The December 30 2018 election in the Democratic Republic of Congo (DRC), which was widely acknowledged to have been rigged, declared Felix Tshisekedi as the winner over Martin Fayulu, who got the most votes.
It is understood that Tshisekedi’s election was the result of a deal made with former president Joseph Kabila, whose rule since 2001 was characterised by conflict, corruption, authoritarian rule and human rights abuses.
The DRC remains the African country with possibly the greatest untapped potential – with great mineral wealth but an underdeveloped economy and an impoverished nation.
The African Development Bank said real GDP growth was an estimated 4.0% in 2018, up from 3.7% in 2017, due to higher commodity prices and increased mining production. It expected growth of 4.5% in 2019 and 4.6% in 2020.
Mining was expected to be the key driver of growth, while the outlook could be positively affected by firm commodity prices, positive election results (including acceptance of the results), progress in the security situation in the conflict-ridden central and eastern parts of the country, control of the Ebola epidemic, “and a start to diversification in the fabric of production”.
The mining sector accounts for 99% of the value of exports, 34% of total government revenue, and two GDP points. But diversifying the economy requires some improvement in the infrastructure deficit and a more facilitative business environment. The DRC ranks 184 out of 190 countries on the World Bank’s Doing Business 2019 report.
The DRC’s National Strategic Development Plan aims for it to become a middle-income country by 2022, mainly through transformation of the agricultural sector.

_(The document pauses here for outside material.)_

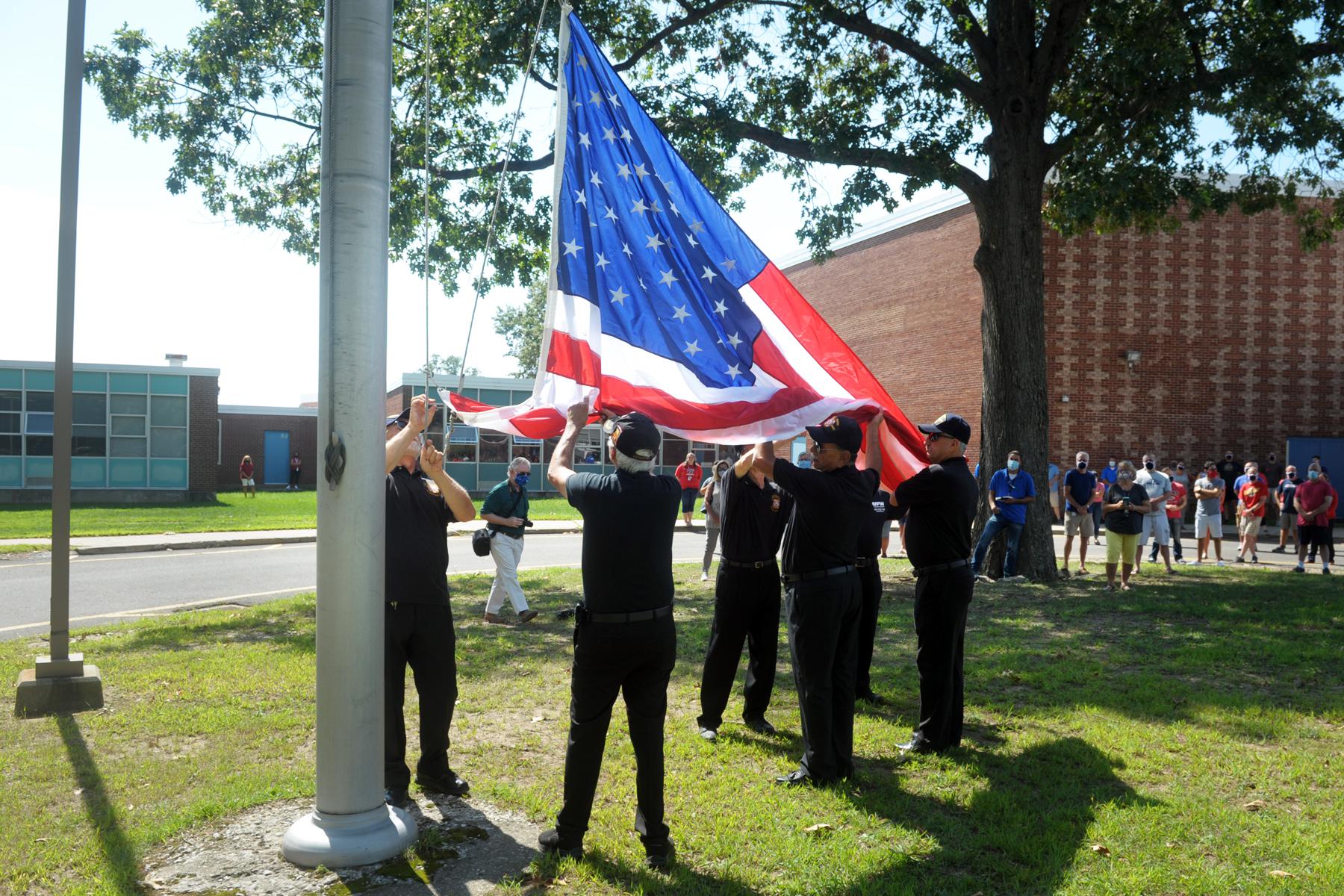 Stratford veterans present new flag to high school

Economic transformation includes the massive Inga hydro-electric power plant, where South Africa has committed to buying 2,500 MW and possibly a further 2,500 MW in Inga 3, which many believe to be uneconomical, as well as paying for a 1,600km transmission line from the DRC to South Africa.
Despite calls for action following the election result, SADC, South Africa, the EU and US have not voiced concerns over the election outcome.

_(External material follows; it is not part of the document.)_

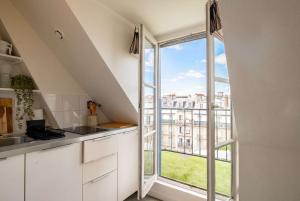 a kitchen with white cabinets and a large window at Sebastopol Chic Balcon & Parisian View in Paris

The EU had extended sanctions on a number of officials just prior to the election while the US had imposed sanctions in June last year. Tshisekedi is reported to have called for sanctions to be lifted.
The Institute for Security Studies said many may argue that potential voices of objection chose stability over war. “But the Congolese people chose change over the status quo, and the regional, continental and international response deprived them of that change.”